Outro ponto de atenção do PET reciclado é como recuperar os produtos, partes ou materiais, sem perder valor no fluxo reverso. Aqui, podemos pensar em reuso, upcycling ou reciclagem. Garantir que os produtos ou materiais serão de alguma forma reutilizados é um desafio para produtos têxteis. O mercado de segunda mão não tem dado conta das 9 bilhões de peças produzidas anualmente só no Brasil – por esse motivo, é importante que a própria marca fomente seu mercado de segunda mão, garantindo a responsabilidade estendida e comercializando os produtos semi-novos por preços mais acessíveis.

Para produtos sem condições de uso e reaproveitamento é hora de lançar mão da reciclagem. Mas sendo realista. Hoje, as taxas de reciclagem da moda giram em torno de 1% e, por isso, reciclar produtos ainda não é uma alternativa amplamente possível.
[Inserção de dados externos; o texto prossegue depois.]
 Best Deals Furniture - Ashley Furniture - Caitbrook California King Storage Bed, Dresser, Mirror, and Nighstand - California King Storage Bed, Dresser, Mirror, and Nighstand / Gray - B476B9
Algumas marcas, como a já mencionada Insecta, que recentemente passou a aceitar inclusive sapatos de usados de outras marcas, conseguem transformar seus produtos em novos produtos – mas elas normalmente conseguiram isso depois de muita pesquisa e inquietação.

Ter responsabilidade no design exige esse olhar sistêmico dos impactos – positivos ou negativos – sobre os produtos colocados no mundo. Embora muitas vezes as escolhas envolvam optar pelo menor impacto negativo e priorizar de acordo com as prioridades de cada designer, essa visão holística não pode faltar a quem busca a verdadeira função do design: servir as pessoas. Como notam Kate Fletcher e Lynda Groose, “colocadas a serviço de objetivos que vão além do comércio, as ideias e habilidades dos designers deram novo impulso à prática de design na era da sustentabilidade” 2 FLETCHER, Kate e GROOSE, Lynda. Moda e Sustentabilidade – Design Para Mudança. São Paulo, Editora Senac. Precisamos transformar o impulso na onda dominante.